WASHINGTON—U.S. regulators stepped up their investigation of Toyota Motor Corp. on Tuesday, demanding documents from the Japanese auto maker to determine if it conducted recent recalls "in a timely manner."
The National Highway Traffic Safety Administration said it was using its statutory authority to compel Toyota to provide paperwork showing when and how the company learned of defects that led to the recall of six million vehicles in the U.S.
Federal law requires that car makers notify NHTSA within five days of spotting a safety defect and then promptly conduct a recall, the agency said.

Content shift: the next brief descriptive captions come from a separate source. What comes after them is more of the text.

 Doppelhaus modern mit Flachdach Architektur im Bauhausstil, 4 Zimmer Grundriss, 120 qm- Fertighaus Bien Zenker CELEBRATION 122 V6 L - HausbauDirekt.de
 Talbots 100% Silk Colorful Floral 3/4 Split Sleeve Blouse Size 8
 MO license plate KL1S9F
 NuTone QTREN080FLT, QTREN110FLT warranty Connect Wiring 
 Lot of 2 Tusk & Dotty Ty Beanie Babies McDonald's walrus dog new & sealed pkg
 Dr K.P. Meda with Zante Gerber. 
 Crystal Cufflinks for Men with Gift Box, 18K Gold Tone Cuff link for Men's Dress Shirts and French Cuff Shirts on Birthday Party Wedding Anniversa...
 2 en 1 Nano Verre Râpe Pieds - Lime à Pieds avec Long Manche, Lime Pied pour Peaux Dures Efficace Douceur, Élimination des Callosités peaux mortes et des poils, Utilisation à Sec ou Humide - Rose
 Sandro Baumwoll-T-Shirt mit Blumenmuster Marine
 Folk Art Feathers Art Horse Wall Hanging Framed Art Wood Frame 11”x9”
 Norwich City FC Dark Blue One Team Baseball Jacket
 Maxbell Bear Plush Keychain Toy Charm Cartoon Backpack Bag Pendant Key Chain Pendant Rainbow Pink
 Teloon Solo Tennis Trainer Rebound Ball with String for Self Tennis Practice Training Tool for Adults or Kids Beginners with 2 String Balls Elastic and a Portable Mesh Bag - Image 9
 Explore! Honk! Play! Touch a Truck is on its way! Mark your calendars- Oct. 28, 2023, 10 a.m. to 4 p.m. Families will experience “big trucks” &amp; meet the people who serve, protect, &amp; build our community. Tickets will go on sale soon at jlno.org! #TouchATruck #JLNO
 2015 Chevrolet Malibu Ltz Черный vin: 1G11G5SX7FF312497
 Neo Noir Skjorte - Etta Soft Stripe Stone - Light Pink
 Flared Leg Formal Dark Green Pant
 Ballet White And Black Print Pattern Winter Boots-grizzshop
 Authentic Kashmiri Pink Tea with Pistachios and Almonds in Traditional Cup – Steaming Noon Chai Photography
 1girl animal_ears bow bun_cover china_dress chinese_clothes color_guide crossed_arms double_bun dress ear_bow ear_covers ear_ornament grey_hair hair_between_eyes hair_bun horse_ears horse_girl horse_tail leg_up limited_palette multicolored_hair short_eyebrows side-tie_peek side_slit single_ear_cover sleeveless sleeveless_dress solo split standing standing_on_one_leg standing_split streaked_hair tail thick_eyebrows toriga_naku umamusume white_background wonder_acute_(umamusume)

The probe could lead to a maximum civil fine of up to $16.4 million if Toyota is found to have violated statutory obligations. No auto maker has been fined more than $1 million for such a violation.
"Our top priority is safety and we expect that all manufacturers address automotive safety issues quickly and in a forthright manner," said David Strickland, NHTSA's administrator.
Toyota said in a statement it was cooperating with regulators and planned "to provide all the information they have requested."
"Toyota takes its responsibility to advance vehicle safety seriously and to alert government officials of any safety issue in a timely manner," the company said.
Toyota has 30 to 60 days, depending on specific requests, to provide the documents, NHTSA said.
The increasing pressure by NHTSA on Toyota comes a week before the U.S. Congress holds hearings on the car maker's safety troubles. Some lawmakers have questioned NHTSA's response to the problems, and the agency has sought in recent weeks to show it is cracking down on safety concerns.
NHTSA is looking at three Toyota recalls for gas-pedal and sudden-acceleration reports. Regulators are looking into consumer complaints that allege 34 deaths related to Toyota sudden-acceleration problems.